Kremlin rules out Afghan talks

The Soviet Union has formally rejected a West European negotiating initiative on Afghanistan, a slap at British suggestions that the Soviets were keeping options open on the proposal.

Monitor correspondent Ned Temko reports that diplomatic sources in Moscow said the Soviet reply came in an "aide-memoire" presented last week to a British Foreign Office representative in London.

The European initiative, based on ideas formulated by the British, was formally conveyed to the Soviets during a visit here in early July by the British foreign secretary, Lord Carrington.

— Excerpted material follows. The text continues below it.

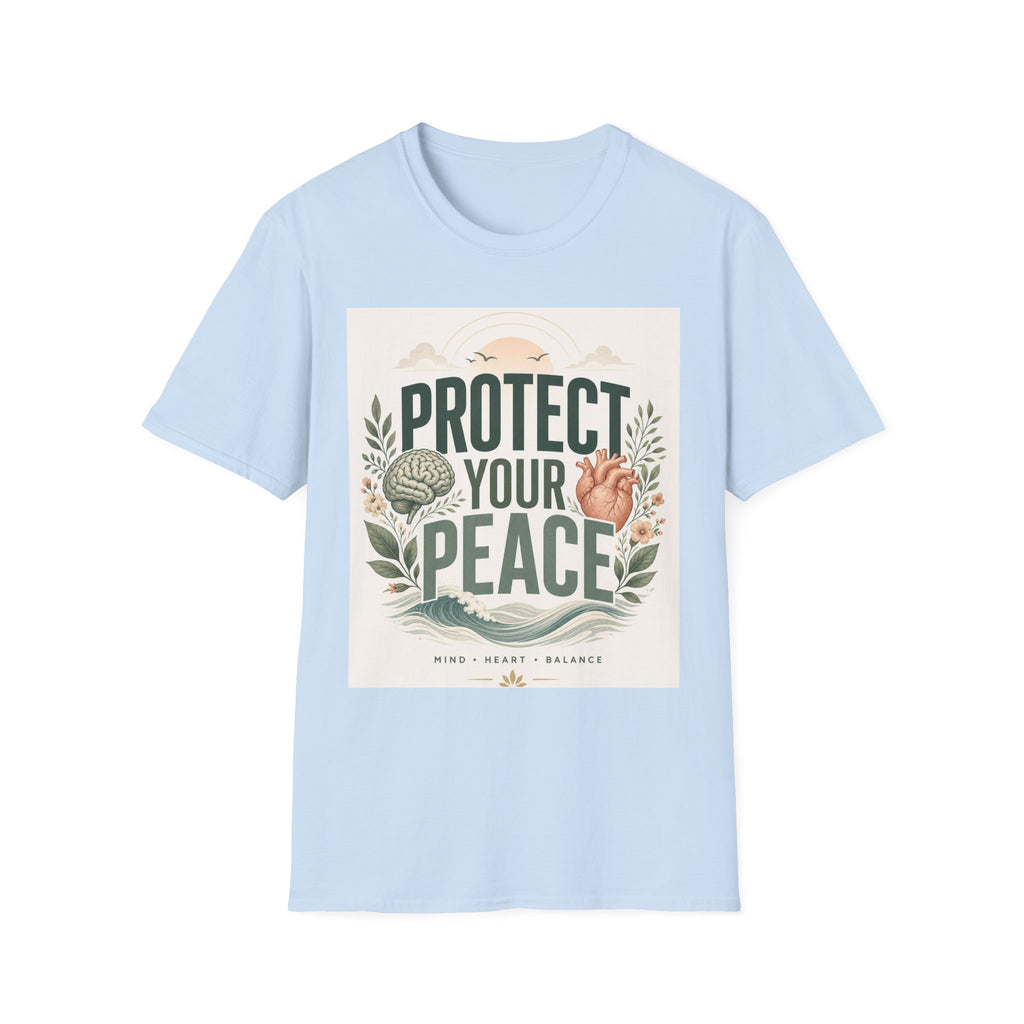 Large Typography Graphic Promoting Peace With Botanical Elements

The note delivered in London termed the initiative both unrealistic and "unacceptable," diplomatic sources in Moscow said. The proposal was clearly tailored to tempt the Soviets into talks, and its wording did not directly challenge Moscow's contention that its intervention in Afghanistan had been in reply to "imperialist" interference there.

Diplomats here cautioned that the Soviets might yet choose to move on the European proposal, if and when they felt the moment was politically right for withdrawal of their troops from Afghanistan. But for the time being at least, one diplomat remarked, the latest Soviet more amounted to throwing cold water on the European initiative.

The Soviets have charged that West Europe wants to seal an Afghanistan settlement "behind the back" of the Soviet-su pported regime there.